Latin Amerika’da cinayet oranının en yüksek olduğu ülke, resmi makamlara göre geçen yıl 8 bin 8 cinayetin işlendiği Ekvador.
Son yıllarda uyuşturucu ticaretinin artmasına bağlı olarak organize suç ve şiddetin arttığı Güney Amerika ülkesindeki cinayet oranı, 100 binde 44’ün üzerine çıkıyor.
Nüfusu 84 milyonun üzerindeki Türkiye’de Silahlı Şiddet Haritası verilerine göre geçen yıl her 100 bin kişide 2,76 oranla, toplamda 2 bin 318 kişinin öldürüldüğü göz önünde tutulduğunda, 18 milyonluk Ekvador’daki yüksek cinayet oranı daha görünür oluyor.
Ekvador’u geçen yıl 100 binde 40,9 oranla, 4 bin 789 cinayetin işlendiği Haiti ve 100 binde 31,1 oranla organize suç örgütlerinin oldukça etkin olduğu Orta Amerika ülkesi Honduras izliyor.

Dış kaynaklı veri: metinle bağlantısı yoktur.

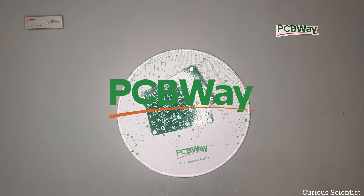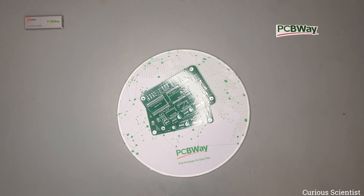This video is sponsored by PCBWay. Welcome everyone! In this video I'm going to introduce you to my new big project. I've been working on this project for quite some time and now I finally arrived to the stage where after some prototyping and programming I could design the PCB and then get it manufactured by PCBWay.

Bölgedeki en düşük cinayet oranlarıysa 2,4’le El Salvador; 3,2 ile Peru ve 4,5’le Şili olarak kaydedildi.
“Sorunun kaynağı uyuşturucu”
VOA Türkçe’ye konuşan Meksikalı güvenlik uzmanı David Saucedo’ya göre, Latin Amerika ülkelerindeki cinayet oranlarının bu kadar yüksek olmasının temel sebebi uyuşturucu kartellerinin etkin olması.

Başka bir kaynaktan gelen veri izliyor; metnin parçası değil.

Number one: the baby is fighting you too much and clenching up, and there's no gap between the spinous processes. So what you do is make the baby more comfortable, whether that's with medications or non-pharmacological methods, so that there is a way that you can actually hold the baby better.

Güvenlik güçlerinin ve yargının, organize suç örgütleri karşısında çoğu zaman yetersiz kaldığını belirten Saucedo, yaşanan sosyal eşitsizlikler, toplumsal tabakalaşma ve başta Latin Amerika’nın hemen her ülkesinde ofisi bulunan Uyuşturucuyla Mücadele Dairesi (DEA) olmak üzere uyuşturucuyla uluslararası mücadelede yaşanan eksikliklerinin, sorunu derinleştirdiğini kaydediyor.

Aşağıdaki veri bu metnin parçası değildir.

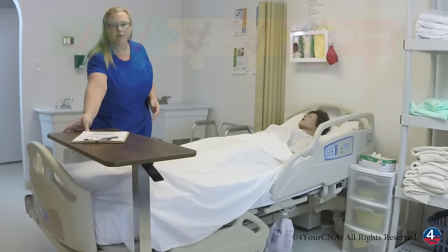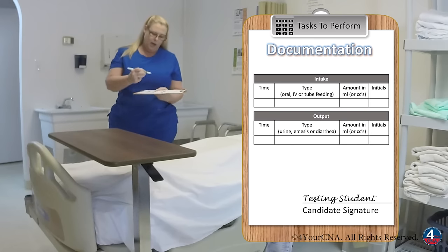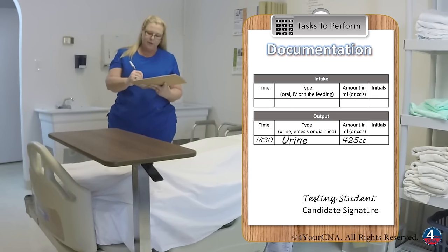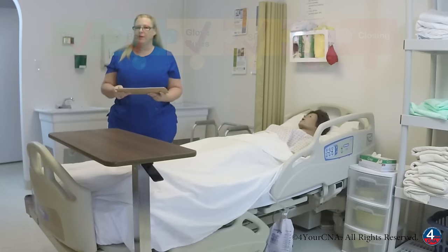After washing my hands, I'll document on the intake and output sheet that the evaluator gives me. I'm going to document the time of output, the type of output, which is urine, the amount of output in cc's, and my initials. After documenting, I'll review the steps of my skill, make any corrections, and then tell the evaluator my skill is done.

Amerikalılar Arası Kalkınma Bankası (IADB) Latin Amerika'da suç ve şiddetle mücadele için ayrılan bütçe gayri safi yurt içi hasılanın (GSYİH) yüzde 3,5'ine yani yaklaşık 200 milyar dolara mal oluyor.
Uluslararası Para Fonu araştırmaları, Latin Amerika’nın güvenliğe ayırdığı bütçede yüzde 1,5 ila 2,5 kesintiye giderek kamu yatırımlarını yaklaşık yüzde 2 artırabileceğini ortaya koyuyor.
IADB’den Nathalie Alvarado, suç örgütlerinin yoksul bölgelerde etkin olduğunu, rüşvet ve yolsuzlukla siyasete ve devlet kurumlarına sızmayı başardığını ve adeta birer şirket gibi hareket ettiklerini belirtiyor.
“Yatırımların azalması suç örgütlerinin işine geliyor”
Suç ve şiddet arttıkça doğrudan yabancı yatırımların azaldığına ve kamusa giderlerin arttığına dikkat çeken Saucedo, suç örgütleri ve suçla mücadele için harcanan milyarlarca doların eğitim, sağlık ve spor gibi acil ihtiyaç duyulan alanlara yönlendirilebileceğini, bu durumun suç örgütlerinin adam devşirmesini de zorlaştıracağını kaydetti.
Saucedo, diğer yandan uyuşturucu kartellerinin güçlü olduğu ülkelerde, kazanılan büyük paralardan o ülkenin ekonomilerinin de nemalandığını, uyuşturucudan kazanılan milyarlarca dolar paranın doğrudan ya da dolaylı olarak ciddi bir gelir ve istihdam kaynağı olduğunu, bu durumun suçla mücadeleyi zorlaştırdığına dikkat çekti.